Drekavac-Kit stalks up to Baba Yaga and reaches out with multiple pustule-infested limbs.
Baba Yaga’s tortured scream isn’t recognizable as coming from a throat. It sounds more like some hellish string instrument playing a single, glass-shattering note.
Writhing and twitching so hard she probably tears her own ligaments, the old witch collapses on the ground.
Kit looms over her victim.
A horrific-looking tongue slowly snakes out of the drekavac’s maw.
Wherever the thing licks Baba Yaga’s skin, it melts away as though it never existed, leaving behind raw meat.
“Getting killed by a drekavac is the worst fate that can befall anyone,” Dr. Hekima had said, and clearly, he hadn’t exaggerated.
If I had a body, I’d be vomiting.
On the third lick, Baba Yaga’s throat produces one last agonized scream; then she slumps, blissfully dead.
Kit turns herself into an orc, kicks Baba Yaga’s remains to the side, and walks up to my unmoving body.
Carefully picking me up, the orc strides toward the restaurant exit.
Chapter Fifty-Two
I’m thrust back into the reality of the gunfight, and now that I have a body, I have to breathe deeply in order not to throw up from what I just saw.
What Kit did to Baba Yaga in that vision is going to haunt me more than Bentley’s burned body—and I didn’t think that was possible.
Speaking of poor Bentley: it seems the car bomb that killed him was aimed at Kit, not me. Same goes for that attack in the bathroom—Gaius was helping Baba Yaga when he lured Kit to the hotel with the promise of sex. That’s why Baba Yaga was able to honestly tell Nero she wasn’t trying to kill me. It was true. I just happened to be near Kit when Baba Yaga struck.
If I hadn’t been so self-centered, I would’ve guessed it earlier.
The more I think about the recent events, the more I realize Baba Yaga deserves the fate she got in the vision.
She killed Rose. She killed Kevin and Bentley. In the vision, she even got to me—or will.
Yeah.
Will.
Maybe my top priority should be preventing myself from ending up as that unmoving body?
But how? I didn’t see what led up to it, so I need more data.
Trying to go back into Headspace fails.
Either I’m too stressed out after what I saw, or I don’t have enough juice.

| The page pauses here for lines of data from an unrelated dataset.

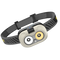 AirStride A1 Headlamp – Lightweight, Soft Yellow Light for Reading, Long Battery Life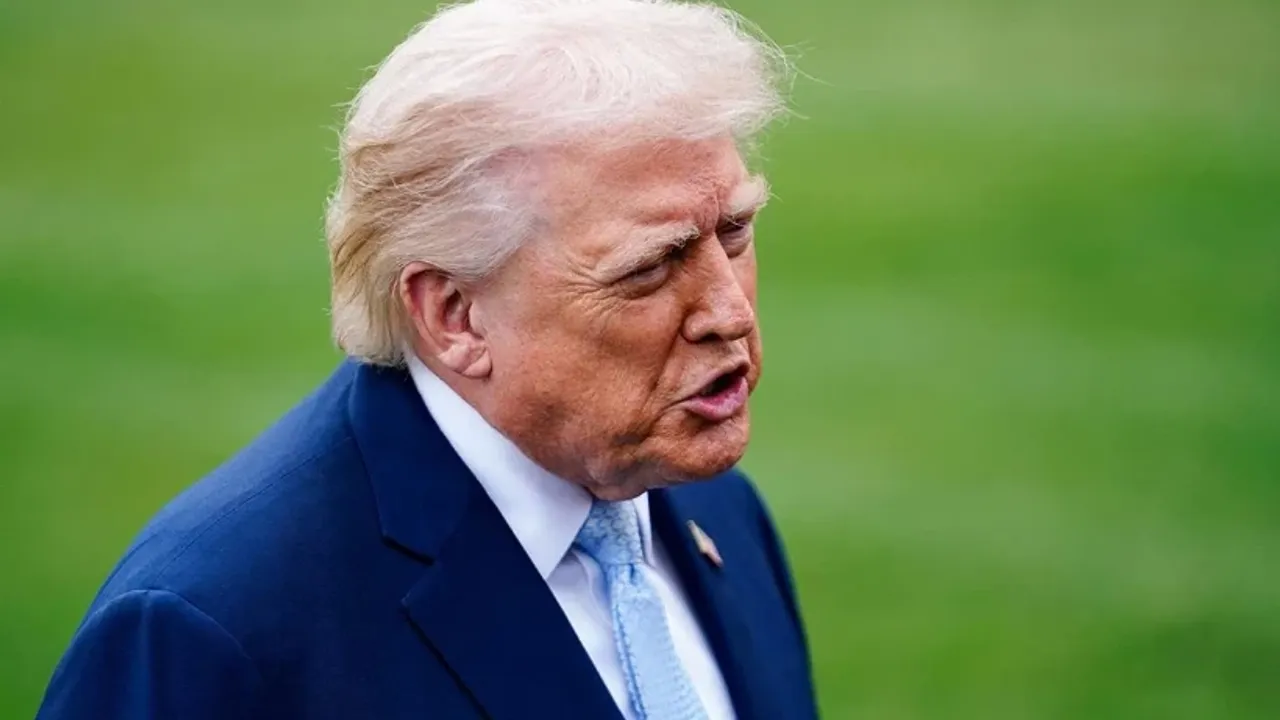 Trump’tan İran’ın Nükleer Programına Dair Dikkat Çeken Açıklama: “20 Yıl Askıya Alma Gerçek Olmalı”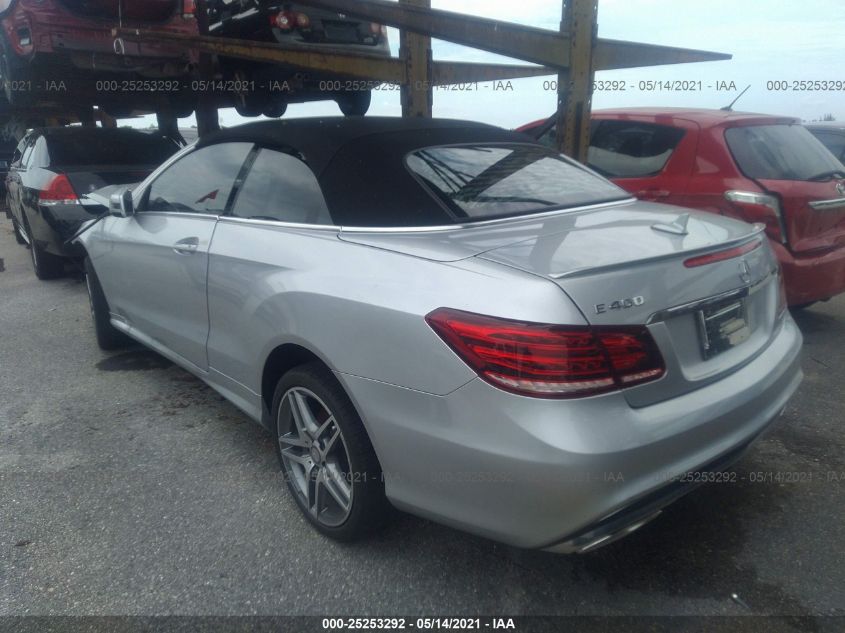 2017 MERCEDES-BENZ E-CLASS E 400 WDDKK6FF9HF359704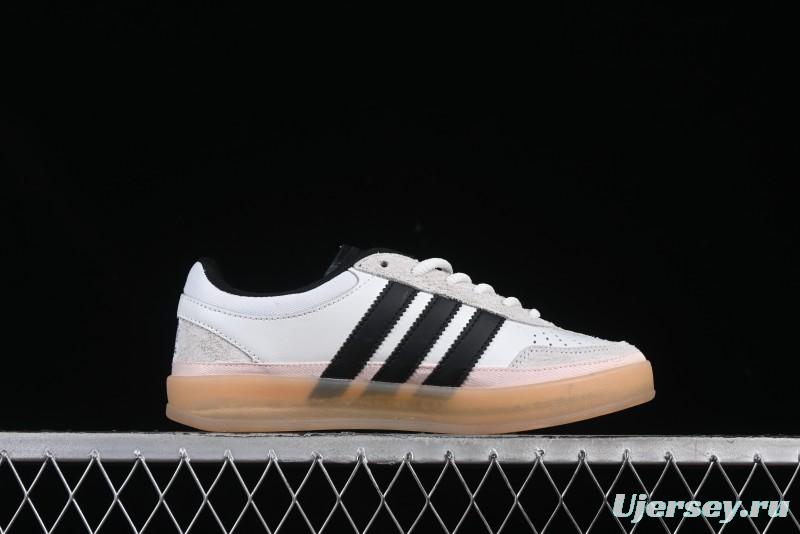 Adidas Originals Gazelle Indoor Retro Casual Slip-Resistant Wear-Resistant Low-Top Sneakers - IF9735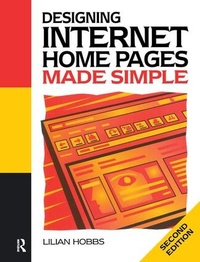 Abbildung von: Designing Internet Home Pages Made Simple - Routledge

A Johnny jumps out from the back of the restaurant, and I put a bullet in his head on autopilot.
Another one leaps out, and I shoot him too.
“I saw the most horrible vision,” I say for Felix’s benefit. “I need to do something to prevent it, but—”

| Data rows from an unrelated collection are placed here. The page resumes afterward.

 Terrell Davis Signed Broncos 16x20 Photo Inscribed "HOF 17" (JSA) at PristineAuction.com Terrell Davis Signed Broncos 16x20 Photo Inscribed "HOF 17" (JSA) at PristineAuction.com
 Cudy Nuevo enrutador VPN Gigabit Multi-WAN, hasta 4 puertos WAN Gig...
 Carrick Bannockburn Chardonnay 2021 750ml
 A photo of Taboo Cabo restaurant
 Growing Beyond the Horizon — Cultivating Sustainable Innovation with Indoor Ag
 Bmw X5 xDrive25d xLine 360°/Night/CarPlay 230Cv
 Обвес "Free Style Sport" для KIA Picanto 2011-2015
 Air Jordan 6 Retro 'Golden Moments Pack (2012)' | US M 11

I don’t finish my sentence because I see him.
Koschei.
He’s holding the knife, and his green eyes gleam with deadly determination as he leaps for me.
I shoot him in the head.
The gun clicks empty.
I raise the shotgun, but it’s too late.
Koschei smacks it out of my hands, then tosses me at the nearest wall like a Frisbee.

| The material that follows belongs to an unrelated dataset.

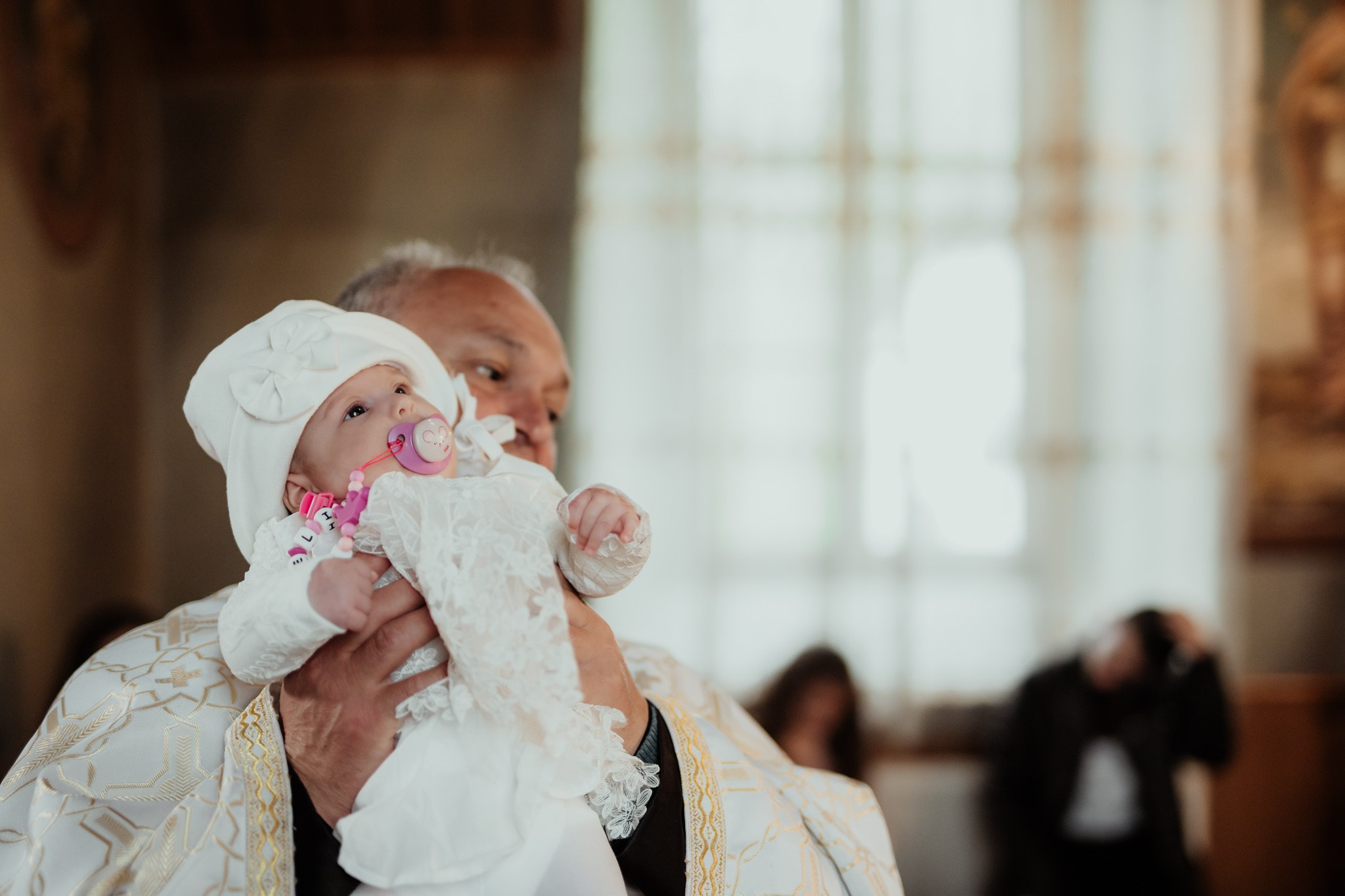 Botez Evelina — Fotografie de botez. Fotografie & Videografie Nunta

I hit the wall with my injured back and slide to the floor, again.
My consciousness flees.
Chapter Fifty-Three
I blink my eyes open to the sight of Koschei’s knife arcing at my chest.
This is it.
I’m done for.
Chapter Fifty-Four
A metallic arm grabs Koschei’s wrist before he can finish the stabbing motion, and a giant metal fist smacks into his jaw with an audible crack.
Koschei flies back.
Golem leaps at him.
Koschei slices at Golem’s torso with the knife, leaving a deep groove in the metal and breaking off the blade.
He then tosses the remnants of the knife at the robot. The impact dents the metal carapace with a clank; then the pieces drop to the floor.
Golem kicks Koschei in the shin.
There’s a sound of a bone cracking.
Golem kicks the same spot again.
Koschei’s leg snaps, a jagged piece of bone sticking out as he falls.
The robot stomps on him so hard that a few of its leg bolts fly in different directions.
Hissing in pain, Koschei nevertheless tries to catch the metal foot.
Golem kicks his head like a soccer ball.
Koschei dies, but instantly resurrects and punches the robot in the midsection.
Metal bends and bone breaks.
I inhale a deep breath and nearly pass out from the pain.
My ribs might be broken.
Possibly other things too.
Gritting my teeth, I roll over and begin to crawl for the shotgun.
The sounds of metal and bone clashing grow louder and more disturbing.
It sounds like Koschei is breaking himself apart over and over to win.
I spare a quick glance back and see Koschei rip out Golem’s right leg.